> Aim of the exercise:
Copy only what lies from the line containing "Платья (костюм осенний бал)" through the line containing "À vendre – Superbe" in the entries below, keeping both end lines exact and dropping every picture.

> Records to process:
=== Begin Enclosure ===

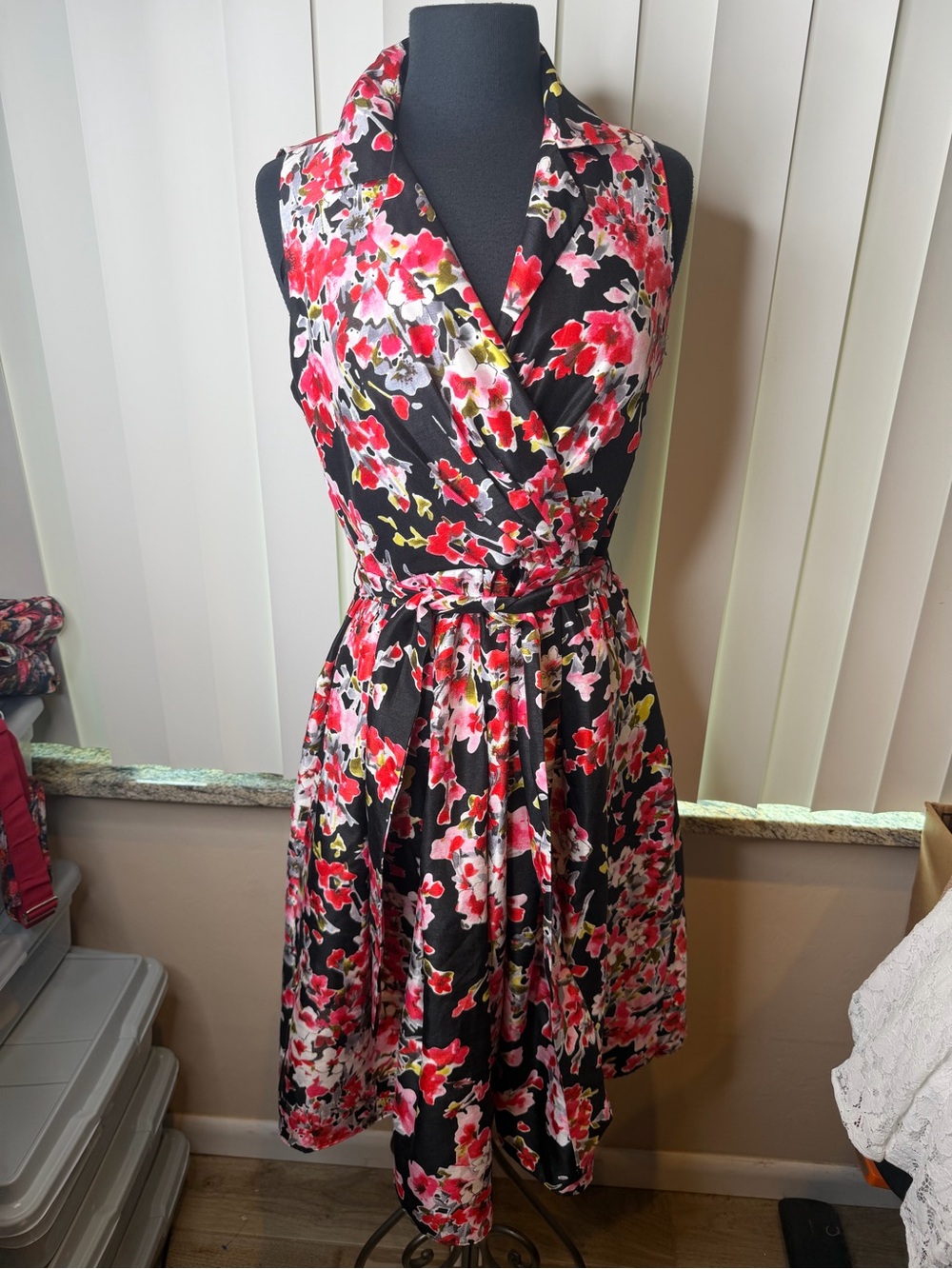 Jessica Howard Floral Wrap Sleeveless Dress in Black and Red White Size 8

=== End Enclosure ===
=== Begin Enclosure ===

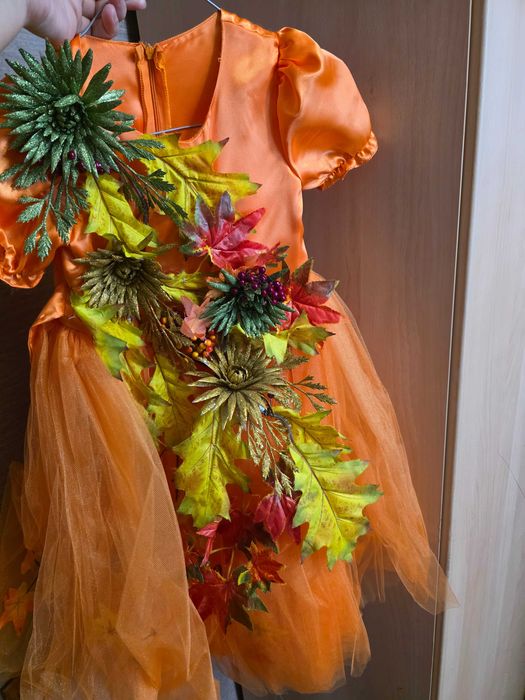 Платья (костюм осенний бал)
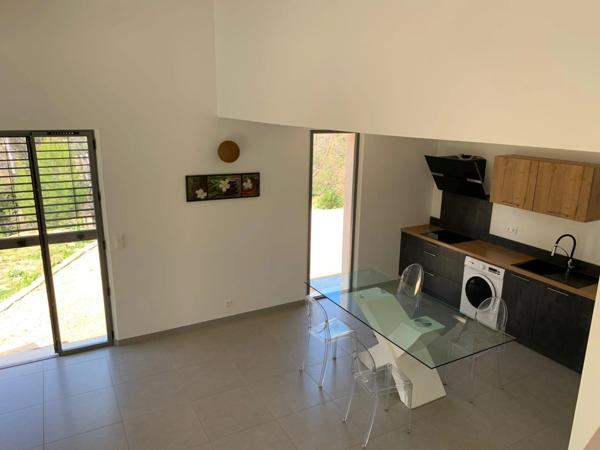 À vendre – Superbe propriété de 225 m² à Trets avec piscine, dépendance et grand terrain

=== End Enclosure ===

> Answer area:
 Платья (костюм осенний бал)
 À vendre – Superbe propriété de 225 m² à Trets avec piscine, dépendance et grand terrain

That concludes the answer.